Yes, it's undefined behavior. The relevant section of the C17 standard is "6.2.4 Storage durations of objects":
The lifetime of an object is the portion of program execution during which storage is guaranteed
to be reserved for it. An object exists, has a constant address,33) and retains its last-stored value
throughout its lifetime.34) If an object is referred to outside of its lifetime, the behavior is undefined.
A non-lvalue expression with structure or union type, where the structure or union contains a
member with array type (including, recursively, members of all contained structures and unions)
refers to an object with automatic storage duration and temporary lifetime.36) Its lifetime begins
when the expression is evaluated and its initial value is the value of the expression.
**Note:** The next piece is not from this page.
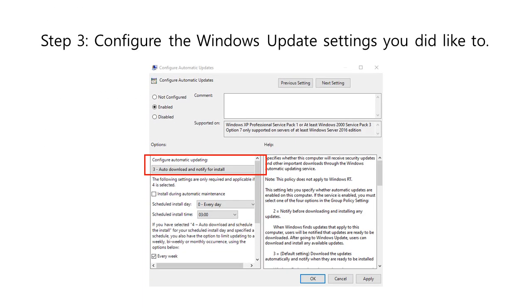Step 3: Configure the Windows Update settings. You need to configure automatic updates that are not configured by default. Choose the Disable option for disabling automatic updates, and if you need to enable the service, then select Enabled and choose one of the four options in the Group Policy settings.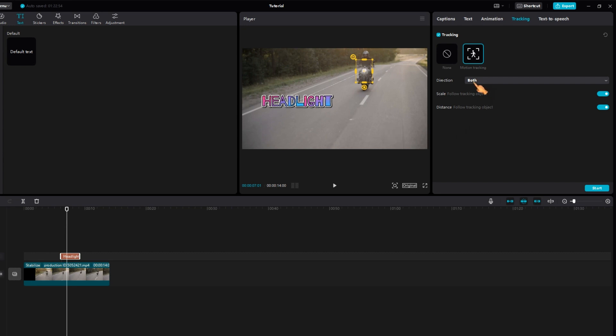Use both directions to get more accurate results. However, it takes longer to calculate. If you want the text to always be the same size, uncheck the scale to follow tracking object checkbox.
Its lifetime ends
when the evaluation of the containing full expression ends.
The expression get(0)
is not an lvalue, and struct test
contains c_arr
, a member with array type, so it has temporary lifetime. This means that return *a;
is UB because it accesses it outside of its lifetime.
Also, a big hint that this isn't allowed is that had you used char c;
instead of char c_arr[1];
, then char* a = &get(0).c;
would have been a compile-time error, since you can't take the address of an rvalue, and what you wrote is basically morally equivalent to trying to do that.
I filed GCC bug 101358 and LLVM bug 51002 about not receiving warnings for this.